SOURCE MATERIAL>
######
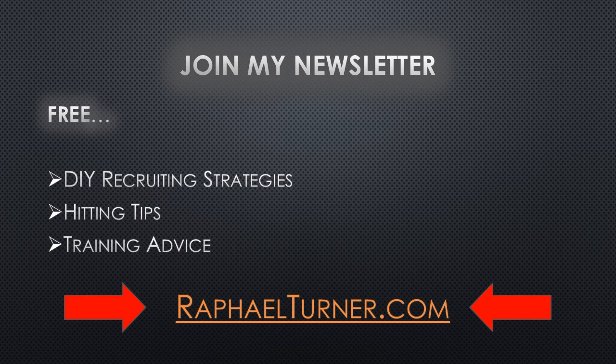If you would like more help with becoming a college baseball recruit, subscribe to my newsletter and contact me at RaphaelTurner.com. I will include a free Batspeed training video for joining.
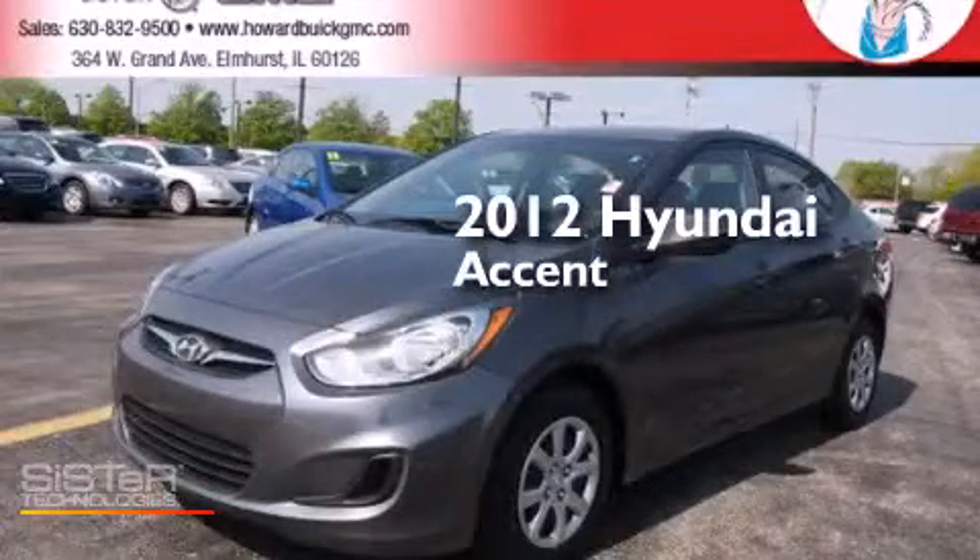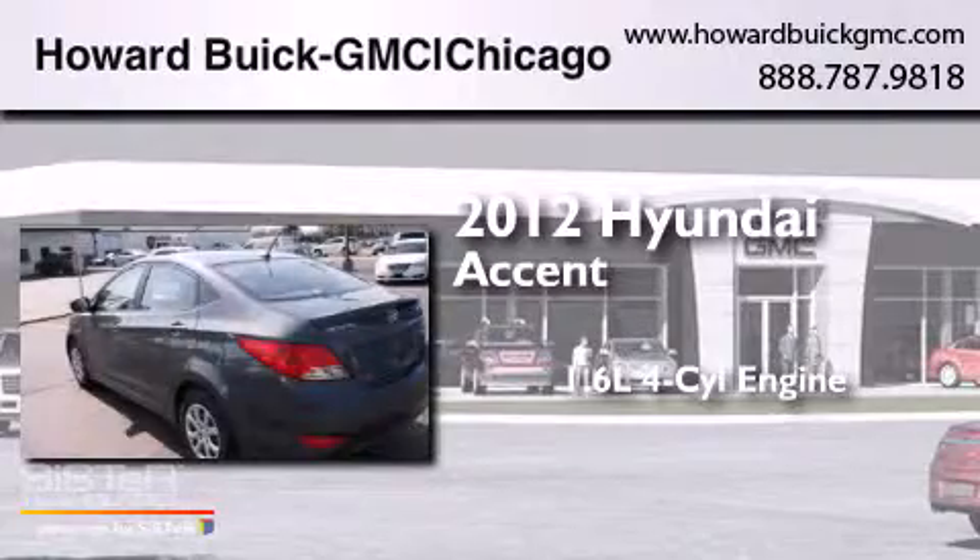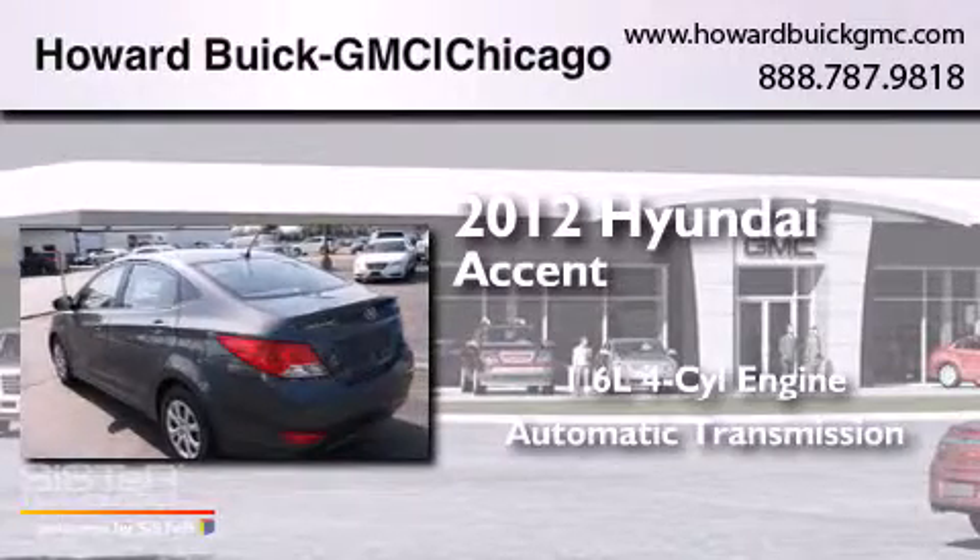This is a 2012 Hyundai Accent. It features a 1.6-liter four-cylinder engine and an automatic transmission.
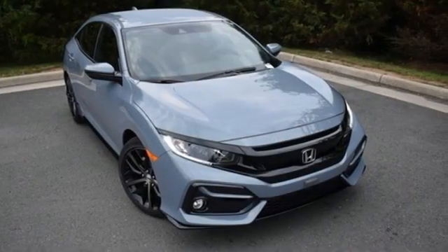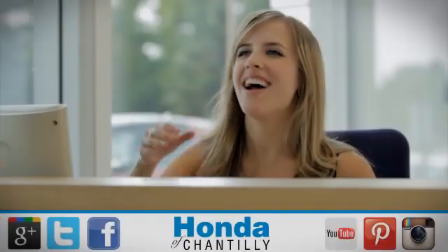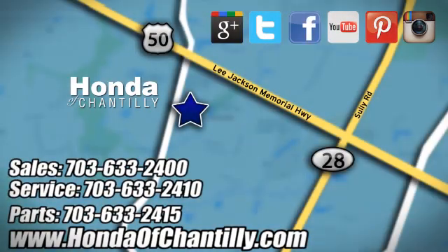There's even more to see in person. Take it for a test drive today. Honda of Chantilly — we're conveniently located just south of Dulles Airport at 4175 Stonecroft Boulevard in Chantilly.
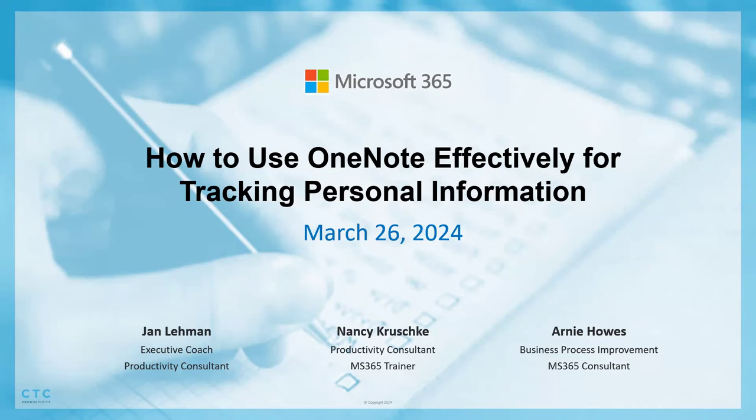Hi everybody. Welcome back to some of our regulars like Joe, who's been on 80% of our webinars over the last four years — what we call a super fan. And welcome to some of our new faces on the call. My name is Jan Lehman. I'm the owner of CTC Productivity, and I have an amazingly talented team of experts in Microsoft 365.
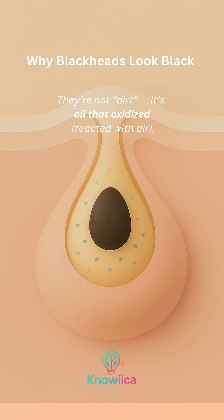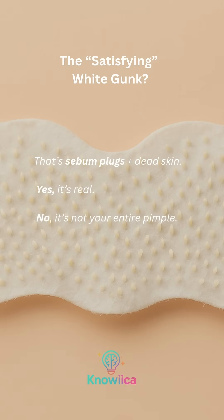Why do blackheads look black? They're not dirt. It's oil that oxidized — reacted with air. The satisfying white gunk? That's sebum plugs plus dead skin.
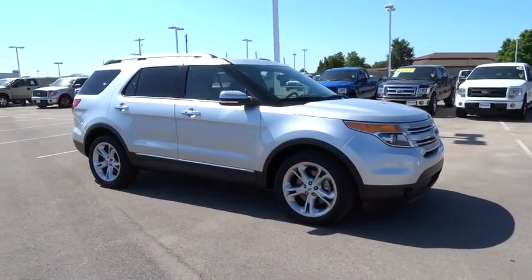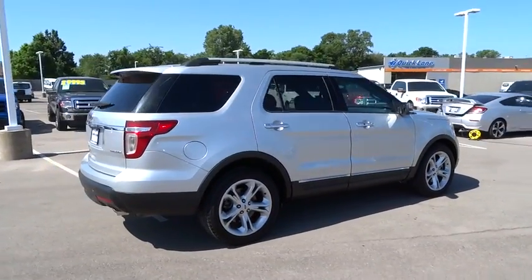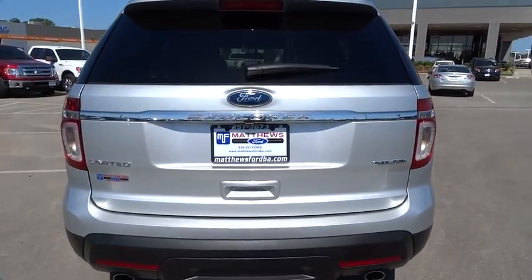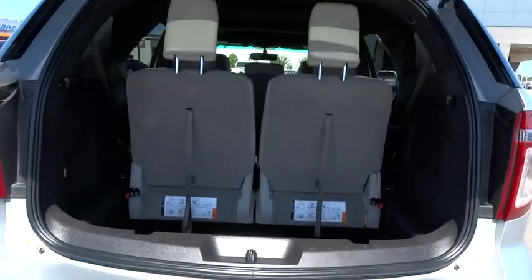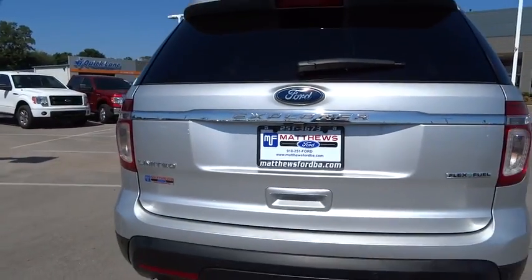Here are some of this vehicle's great options: stability control, power passenger seat, remote engine start, traction control, keyless entry, anti-lock braking system, backup camera, steering wheel audio controls, Bluetooth, leather-wrapped steering wheel, power steering, adjustable steering wheel, keyless start, cruise control, aluminum wheels, auto-dimming rear-view mirror, four-wheel disc brakes, floor mat, front-wheel drive.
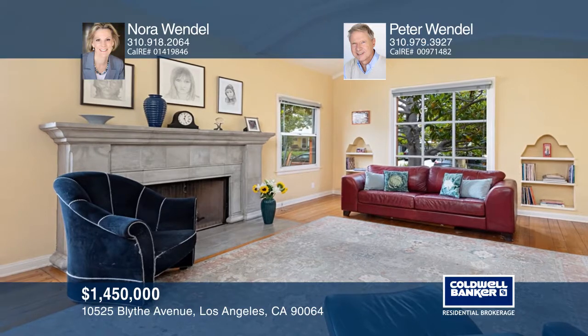Classic Spanish two-bedroom, one-bath home in Rancho Park. Just moments to the golf course and park. The Cactus Garden captures your imagination and invites you in.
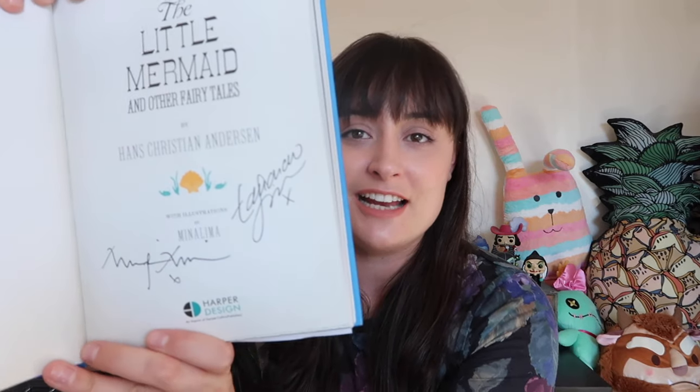They also do a Beauty and the Beast one and a Secret Garden one. When I was chatting to them in the shop, they revealed that they are working on another one — and the next one is going to be Alice in Wonderland. I'm really excited about that and I can't wait to see what they do with the aesthetic. And of course I have to show you their signature — we've got Eduardo and Mirafora's signature on the inside page. This is very, very special to me and I'm going to cherish it forever.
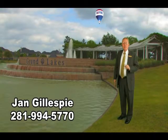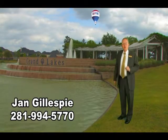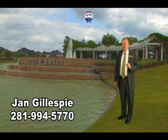Hello, my name is Jan Gillespie and most of you know me as Jan the Man. Thanks a lot for reviewing our video and I hope this is the perfect home that you've been looking for.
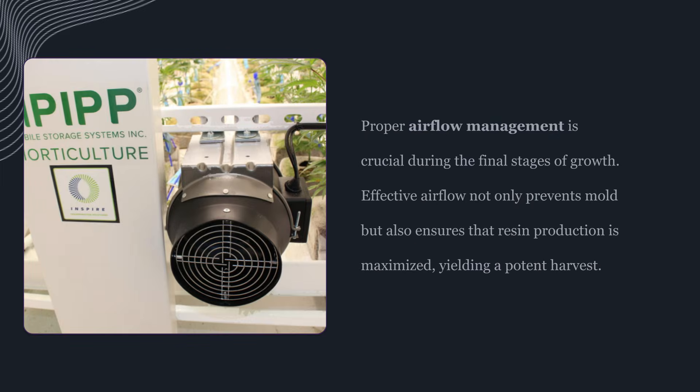Airflow is the unsung hero here. In late flower, airflow isn't just about comfort — it's about preventing stagnant moisture pockets while keeping leaf surface temperature stable. Proper airflow reduces mold pressure and supports consistent transpiration without drying the plant into stress. And if you're trying to preserve terpenes, you don't want hot, turbulent, drying wind blasting the buds. You want steady, gentle circulation that keeps the environment uniform.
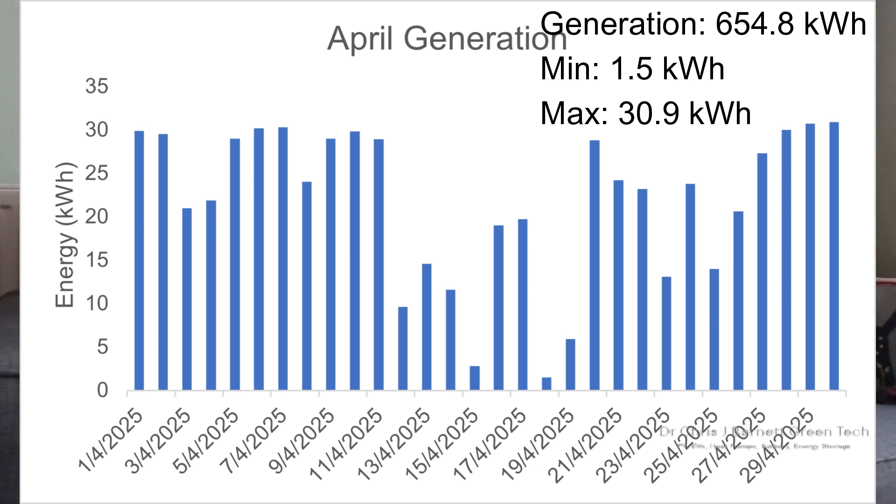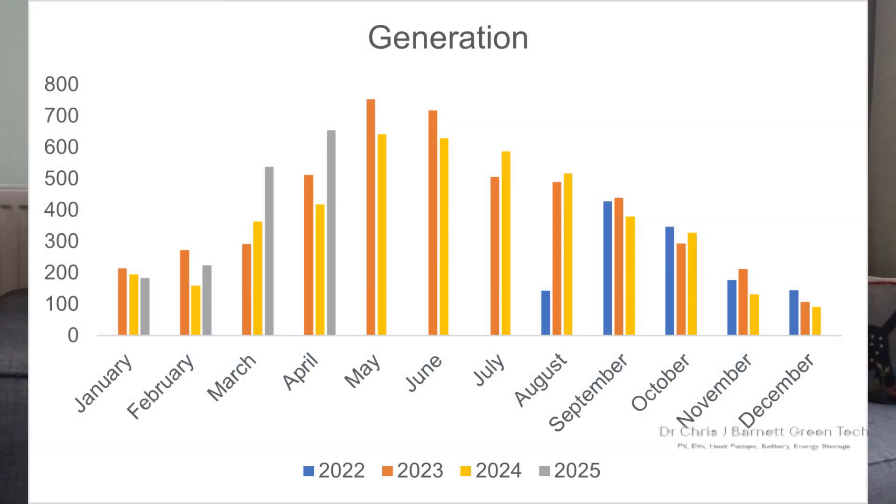Let's start with the solar generation graph. Our generation for the month has been 654.8 kilowatt hours. As you can see from the graph, there have been a lot of days above 20 kWh and quite a few days hitting 30 kWh. There was a week in the middle of the month with some quite low generation — the lowest day was only 1.5 kilowatt hours. Looking at the month-on-month comparison graph for the past two and a half years, April 2025 has been better than any month in 2024, including the peak months of May and June.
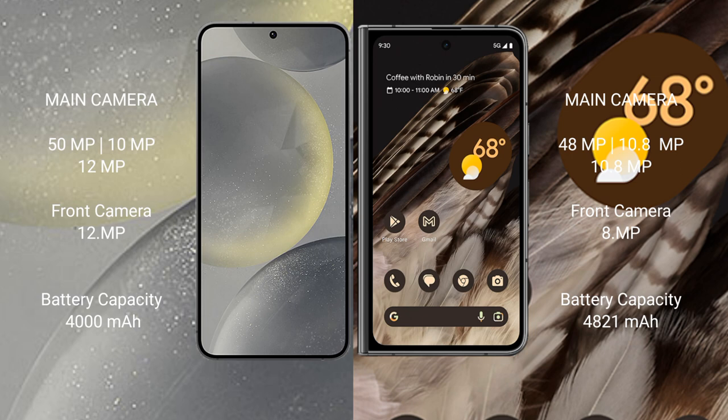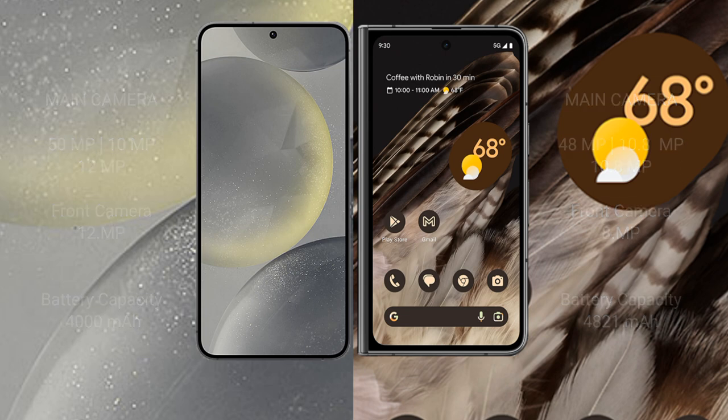Samsung Galaxy S24 has a 4000mAh battery with 25W fast charging support. Google Pixel Fold has a 4821mAh battery with 30W fast charging support.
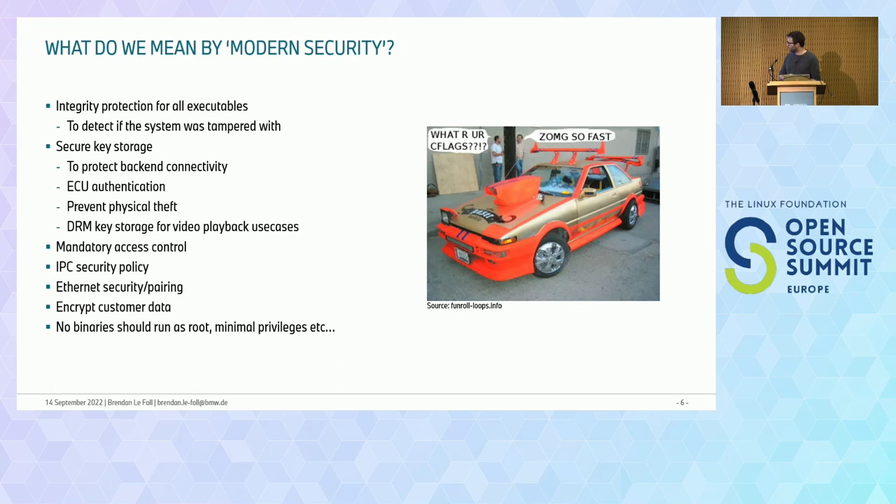We also want to use modern secure key storage mechanisms — to protect our back-end access for authentication of the ECU and especially preventing physical theft. We don't want our cars being taken apart and sold on the black market, as it also raises insurance costs. We need to lock down our ECUs to the vehicle. We also have modern use cases requiring DRM keys. On top of this, we want mandatory access control: we're using SELinux on our ECUs, and we want IPC security policies so our IPC has proper access control.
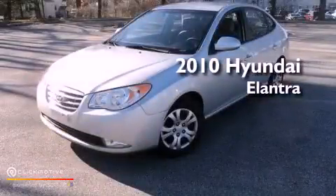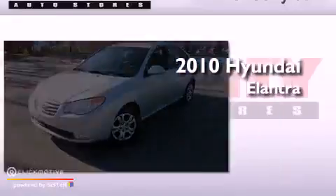This is a 2010 Hyundai Elantra. This vehicle has seating for five adults and an inline four-cylinder engine.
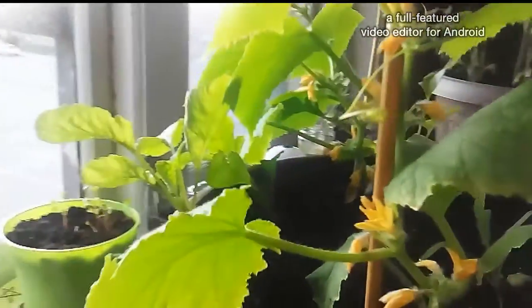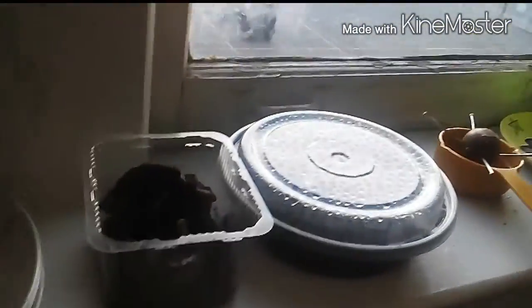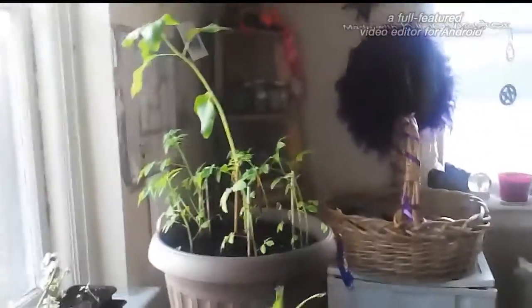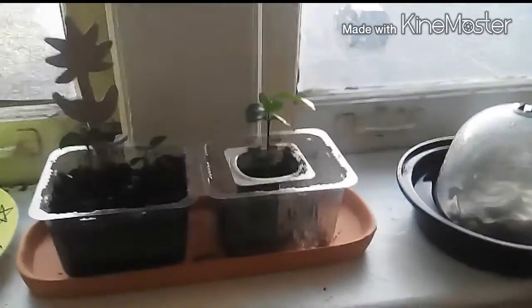They seem to really like this pot. I've also got a couple of little honeydew melons growing in here. My little tomatoes and my sunflower. Look at my little trees — my little trees love it in here.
######
PROMPT> Retype the records above exactly. Leave the pictures out.

ANSWER FOR THE TASK>
If you would like more help with becoming a college baseball recruit, subscribe to my newsletter and contact me at RaphaelTurner.com. I will include a free Batspeed training video for joining.
This is a 2012 Hyundai Accent. It features a 1.6-liter four-cylinder engine and an automatic transmission.
There's even more to see in person. Take it for a test drive today. Honda of Chantilly — we're conveniently located just south of Dulles Airport at 4175 Stonecroft Boulevard in Chantilly.
Hi everybody. Welcome back to some of our regulars like Joe, who's been on 80% of our webinars over the last four years — what we call a super fan. And welcome to some of our new faces on the call. My name is Jan Lehman. I'm the owner of CTC Productivity, and I have an amazingly talented team of experts in Microsoft 365.
Why do blackheads look black? They're not dirt. It's oil that oxidized — reacted with air. The satisfying white gunk? That's sebum plugs plus dead skin.
Here are some of this vehicle's great options: stability control, power passenger seat, remote engine start, traction control, keyless entry, anti-lock braking system, backup camera, steering wheel audio controls, Bluetooth, leather-wrapped steering wheel, power steering, adjustable steering wheel, keyless start, cruise control, aluminum wheels, auto-dimming rear-view mirror, four-wheel disc brakes, floor mat, front-wheel drive.
Classic Spanish two-bedroom, one-bath home in Rancho Park. Just moments to the golf course and park. The Cactus Garden captures your imagination and invites you in.
They also do a Beauty and the Beast one and a Secret Garden one. When I was chatting to them in the shop, they revealed that they are working on another one — and the next one is going to be Alice in Wonderland. I'm really excited about that and I can't wait to see what they do with the aesthetic. And of course I have to show you their signature — we've got Eduardo and Mirafora's signature on the inside page. This is very, very special to me and I'm going to cherish it forever.
Hello, my name is Jan Gillespie and most of you know me as Jan the Man. Thanks a lot for reviewing our video and I hope this is the perfect home that you've been looking for.
Airflow is the unsung hero here. In late flower, airflow isn't just about comfort — it's about preventing stagnant moisture pockets while keeping leaf surface temperature stable. Proper airflow reduces mold pressure and supports consistent transpiration without drying the plant into stress. And if you're trying to preserve terpenes, you don't want hot, turbulent, drying wind blasting the buds. You want steady, gentle circulation that keeps the environment uniform.
Let's start with the solar generation graph. Our generation for the month has been 654.8 kilowatt hours. As you can see from the graph, there have been a lot of days above 20 kWh and quite a few days hitting 30 kWh. There was a week in the middle of the month with some quite low generation — the lowest day was only 1.5 kilowatt hours. Looking at the month-on-month comparison graph for the past two and a half years, April 2025 has been better than any month in 2024, including the peak months of May and June.
Samsung Galaxy S24 has a 4000mAh battery with 25W fast charging support. Google Pixel Fold has a 4821mAh battery with 30W fast charging support.
We also want to use modern secure key storage mechanisms — to protect our back-end access for authentication of the ECU and especially preventing physical theft. We don't want our cars being taken apart and sold on the black market, as it also raises insurance costs. We need to lock down our ECUs to the vehicle. We also have modern use cases requiring DRM keys. On top of this, we want mandatory access control: we're using SELinux on our ECUs, and we want IPC security policies so our IPC has proper access control.
This is a 2010 Hyundai Elantra. This vehicle has seating for five adults and an inline four-cylinder engine.
They seem to really like this pot. I've also got a couple of little honeydew melons growing in here. My little tomatoes and my sunflower. Look at my little trees — my little trees love it in here.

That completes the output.